Finiamo invece con Ray Manzarek, che è stata una persona molto importante nella tua vita.
Oggi, mentre io e te parliamo, sarebbe stato il suo compleanno. Non so davvero da dove iniziare… È una domanda che mi mette in grande difficoltà, ma voglio comunque rispondere perché è anche qualcosa di estremamente importante. Abbiamo iniziato a lavorare insieme a metà anni Settanta, subito dopo la fine dei The Doors, con una band chiamata Nite City… ma per me Ray è stato molto più di un collega o di un amico, è stato ciò che di più vicino ad un padre io abbia mai avuto.
In passato c’è stato un periodo in cui sono incappato in qualche problema di troppo per colpa della droga, e Ray un giorno si è presentato a casa mia, quando ancora vivevamo a Los Angeles, e mi ha dato una busta. Nella busta c’erano due biglietti per le Hawaii e mille dollari in contanti, mi disse di andare alle Hawaii con la mia fidanzata (che poi sarebbe diventata mia moglie) per potermi rimettere in sesto. “Riprenditi, cerca di star bene”, mi disse… e così è successo.
In un’altra occasione venne a casa mia a Los Angeles, abitavo in un posto davvero schifoso e a lui la cosa non piaceva per nulla, quindi mi fece fare i bagagli e mi tirò fuori di casa.
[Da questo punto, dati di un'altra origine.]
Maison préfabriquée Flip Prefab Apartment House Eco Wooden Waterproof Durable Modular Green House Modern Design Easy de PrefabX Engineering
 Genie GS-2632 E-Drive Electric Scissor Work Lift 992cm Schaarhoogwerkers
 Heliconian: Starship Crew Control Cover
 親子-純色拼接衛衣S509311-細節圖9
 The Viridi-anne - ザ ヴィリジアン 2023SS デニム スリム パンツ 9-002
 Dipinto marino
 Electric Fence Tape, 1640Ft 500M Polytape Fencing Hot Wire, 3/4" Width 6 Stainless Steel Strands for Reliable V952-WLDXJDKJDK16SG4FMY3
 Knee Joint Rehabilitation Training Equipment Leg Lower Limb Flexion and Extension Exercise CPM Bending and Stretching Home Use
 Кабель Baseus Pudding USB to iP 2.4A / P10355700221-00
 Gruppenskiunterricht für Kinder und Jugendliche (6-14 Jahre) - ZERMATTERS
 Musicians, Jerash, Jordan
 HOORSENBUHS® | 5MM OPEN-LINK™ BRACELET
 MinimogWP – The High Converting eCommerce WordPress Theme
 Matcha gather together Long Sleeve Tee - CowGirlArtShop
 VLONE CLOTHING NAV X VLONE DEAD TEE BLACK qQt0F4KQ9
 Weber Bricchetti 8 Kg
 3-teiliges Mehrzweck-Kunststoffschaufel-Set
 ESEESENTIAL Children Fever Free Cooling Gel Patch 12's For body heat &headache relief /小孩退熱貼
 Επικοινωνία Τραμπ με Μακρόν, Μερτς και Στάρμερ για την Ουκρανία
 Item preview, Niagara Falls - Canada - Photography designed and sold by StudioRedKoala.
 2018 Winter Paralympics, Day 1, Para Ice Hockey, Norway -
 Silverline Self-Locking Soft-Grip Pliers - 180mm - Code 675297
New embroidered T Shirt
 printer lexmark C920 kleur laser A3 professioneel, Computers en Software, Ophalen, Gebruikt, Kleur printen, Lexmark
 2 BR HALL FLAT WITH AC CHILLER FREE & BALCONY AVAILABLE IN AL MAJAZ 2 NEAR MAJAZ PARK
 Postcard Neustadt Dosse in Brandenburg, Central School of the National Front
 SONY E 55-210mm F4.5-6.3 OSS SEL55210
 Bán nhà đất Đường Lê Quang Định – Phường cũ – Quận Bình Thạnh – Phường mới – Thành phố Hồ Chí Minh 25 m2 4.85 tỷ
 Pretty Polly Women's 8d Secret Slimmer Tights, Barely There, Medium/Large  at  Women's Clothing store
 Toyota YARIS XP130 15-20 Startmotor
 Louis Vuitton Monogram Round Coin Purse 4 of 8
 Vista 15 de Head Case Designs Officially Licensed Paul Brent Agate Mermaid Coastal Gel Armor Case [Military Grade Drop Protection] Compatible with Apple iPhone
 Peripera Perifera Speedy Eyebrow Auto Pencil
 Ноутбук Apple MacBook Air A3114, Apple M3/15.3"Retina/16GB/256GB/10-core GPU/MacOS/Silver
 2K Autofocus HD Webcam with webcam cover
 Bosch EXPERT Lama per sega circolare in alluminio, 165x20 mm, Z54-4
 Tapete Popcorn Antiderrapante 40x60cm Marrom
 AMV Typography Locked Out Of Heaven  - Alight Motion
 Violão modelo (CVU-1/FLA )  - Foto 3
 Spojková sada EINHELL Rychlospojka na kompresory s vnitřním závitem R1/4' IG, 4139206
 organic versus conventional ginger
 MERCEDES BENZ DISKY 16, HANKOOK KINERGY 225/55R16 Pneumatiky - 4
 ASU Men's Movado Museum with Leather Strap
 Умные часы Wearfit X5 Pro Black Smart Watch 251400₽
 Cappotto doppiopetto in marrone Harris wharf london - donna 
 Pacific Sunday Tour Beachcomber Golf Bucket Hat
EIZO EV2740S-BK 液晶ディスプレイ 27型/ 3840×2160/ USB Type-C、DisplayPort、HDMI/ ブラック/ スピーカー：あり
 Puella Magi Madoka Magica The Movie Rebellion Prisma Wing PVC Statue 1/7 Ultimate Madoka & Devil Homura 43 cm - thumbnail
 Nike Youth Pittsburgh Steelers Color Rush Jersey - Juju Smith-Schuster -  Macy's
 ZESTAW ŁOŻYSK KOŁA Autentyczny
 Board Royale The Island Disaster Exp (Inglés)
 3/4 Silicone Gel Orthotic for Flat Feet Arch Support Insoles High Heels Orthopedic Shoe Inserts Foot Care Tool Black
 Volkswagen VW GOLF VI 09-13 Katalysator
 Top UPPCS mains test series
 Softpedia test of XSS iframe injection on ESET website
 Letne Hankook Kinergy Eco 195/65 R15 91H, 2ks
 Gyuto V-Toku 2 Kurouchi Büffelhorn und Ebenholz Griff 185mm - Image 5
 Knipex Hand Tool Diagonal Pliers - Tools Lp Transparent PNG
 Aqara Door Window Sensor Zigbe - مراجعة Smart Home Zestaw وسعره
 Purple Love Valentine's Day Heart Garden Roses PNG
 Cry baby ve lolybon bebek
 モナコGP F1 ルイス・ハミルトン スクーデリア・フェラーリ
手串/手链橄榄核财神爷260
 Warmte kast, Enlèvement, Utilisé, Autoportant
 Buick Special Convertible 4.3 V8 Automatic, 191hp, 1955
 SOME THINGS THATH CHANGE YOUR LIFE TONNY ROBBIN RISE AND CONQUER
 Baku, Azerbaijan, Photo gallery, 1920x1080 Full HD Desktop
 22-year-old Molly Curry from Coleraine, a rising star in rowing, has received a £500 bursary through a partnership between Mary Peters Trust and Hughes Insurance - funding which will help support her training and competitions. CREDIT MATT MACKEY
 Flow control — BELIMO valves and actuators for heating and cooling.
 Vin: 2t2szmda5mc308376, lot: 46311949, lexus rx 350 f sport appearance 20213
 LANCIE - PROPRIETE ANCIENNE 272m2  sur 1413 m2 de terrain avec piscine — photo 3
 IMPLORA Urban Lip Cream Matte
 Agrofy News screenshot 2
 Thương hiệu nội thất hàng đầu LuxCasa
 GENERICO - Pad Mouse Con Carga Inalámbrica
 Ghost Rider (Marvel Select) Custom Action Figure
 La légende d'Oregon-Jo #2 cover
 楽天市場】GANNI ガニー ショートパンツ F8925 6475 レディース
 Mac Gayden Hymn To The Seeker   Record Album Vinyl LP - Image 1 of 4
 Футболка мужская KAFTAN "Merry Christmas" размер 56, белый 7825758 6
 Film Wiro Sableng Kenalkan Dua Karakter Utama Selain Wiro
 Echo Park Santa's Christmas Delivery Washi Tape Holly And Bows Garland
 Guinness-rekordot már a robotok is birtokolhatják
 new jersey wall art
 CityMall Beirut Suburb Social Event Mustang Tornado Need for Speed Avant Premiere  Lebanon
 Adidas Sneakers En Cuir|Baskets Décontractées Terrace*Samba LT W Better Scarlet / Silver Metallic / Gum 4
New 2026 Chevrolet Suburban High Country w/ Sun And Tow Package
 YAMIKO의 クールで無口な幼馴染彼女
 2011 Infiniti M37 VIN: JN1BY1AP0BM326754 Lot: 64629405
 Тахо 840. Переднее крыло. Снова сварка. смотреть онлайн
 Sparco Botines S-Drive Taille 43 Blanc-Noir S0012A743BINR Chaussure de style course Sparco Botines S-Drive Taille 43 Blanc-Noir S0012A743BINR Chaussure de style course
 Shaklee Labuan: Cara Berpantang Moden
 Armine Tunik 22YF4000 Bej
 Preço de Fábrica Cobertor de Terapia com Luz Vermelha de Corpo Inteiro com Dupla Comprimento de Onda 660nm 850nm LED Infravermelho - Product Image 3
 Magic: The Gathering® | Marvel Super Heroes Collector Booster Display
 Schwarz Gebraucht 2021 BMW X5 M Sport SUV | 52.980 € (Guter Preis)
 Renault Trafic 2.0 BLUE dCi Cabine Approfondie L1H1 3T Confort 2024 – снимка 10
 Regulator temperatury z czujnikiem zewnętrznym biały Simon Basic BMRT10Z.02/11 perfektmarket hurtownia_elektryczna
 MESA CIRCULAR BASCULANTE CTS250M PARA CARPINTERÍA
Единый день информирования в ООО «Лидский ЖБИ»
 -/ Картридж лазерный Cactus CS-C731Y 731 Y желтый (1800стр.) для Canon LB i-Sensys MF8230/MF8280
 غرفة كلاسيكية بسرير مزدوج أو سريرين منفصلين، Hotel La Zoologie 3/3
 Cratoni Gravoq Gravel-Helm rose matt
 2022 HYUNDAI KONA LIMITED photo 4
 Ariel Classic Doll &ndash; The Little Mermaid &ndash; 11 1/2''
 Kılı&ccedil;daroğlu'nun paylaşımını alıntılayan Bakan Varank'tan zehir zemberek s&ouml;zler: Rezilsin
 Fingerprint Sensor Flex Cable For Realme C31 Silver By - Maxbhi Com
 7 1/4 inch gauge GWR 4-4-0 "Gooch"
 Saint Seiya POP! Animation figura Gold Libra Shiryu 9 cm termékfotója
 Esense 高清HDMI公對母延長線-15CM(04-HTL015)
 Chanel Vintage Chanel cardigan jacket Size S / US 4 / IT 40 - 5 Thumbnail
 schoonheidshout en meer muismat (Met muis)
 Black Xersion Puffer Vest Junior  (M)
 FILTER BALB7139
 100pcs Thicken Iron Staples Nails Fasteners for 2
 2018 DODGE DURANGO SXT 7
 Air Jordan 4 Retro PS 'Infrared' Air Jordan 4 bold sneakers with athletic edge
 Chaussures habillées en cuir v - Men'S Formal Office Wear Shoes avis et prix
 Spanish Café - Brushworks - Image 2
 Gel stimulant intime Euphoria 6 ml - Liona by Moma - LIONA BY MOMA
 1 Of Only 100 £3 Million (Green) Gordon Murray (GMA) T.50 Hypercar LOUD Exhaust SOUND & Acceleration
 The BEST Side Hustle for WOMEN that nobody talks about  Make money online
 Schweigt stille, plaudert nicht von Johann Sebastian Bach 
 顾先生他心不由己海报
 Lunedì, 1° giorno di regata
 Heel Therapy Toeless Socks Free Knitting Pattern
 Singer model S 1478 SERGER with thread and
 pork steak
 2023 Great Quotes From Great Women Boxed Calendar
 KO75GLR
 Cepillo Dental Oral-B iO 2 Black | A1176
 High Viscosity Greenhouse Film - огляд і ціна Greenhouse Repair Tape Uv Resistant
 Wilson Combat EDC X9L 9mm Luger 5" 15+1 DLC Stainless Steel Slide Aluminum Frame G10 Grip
Decise che saremmo andati a cercare un altro appartamento, io non avevo neanche un conto in banca ma a lui non interessava. Firmò lui stesso per un appartamento e si prese cura delle spese, si limitò soltanto a dirmi “questa è la tua nuova casa”. Ray era così, aveva un cuore enorme, credo questo possa far capire cosa abbia significato per me conoscerlo e averlo vicino.
Avrei un’ultima domanda da farti. Posso permettermi?
Quante vuoi.
Hai suonato e lavorato con uno dei miei cantanti preferiti… Joe Cocker. Ti prego, raccontaci qualcosa di lui che non si possa già conoscere.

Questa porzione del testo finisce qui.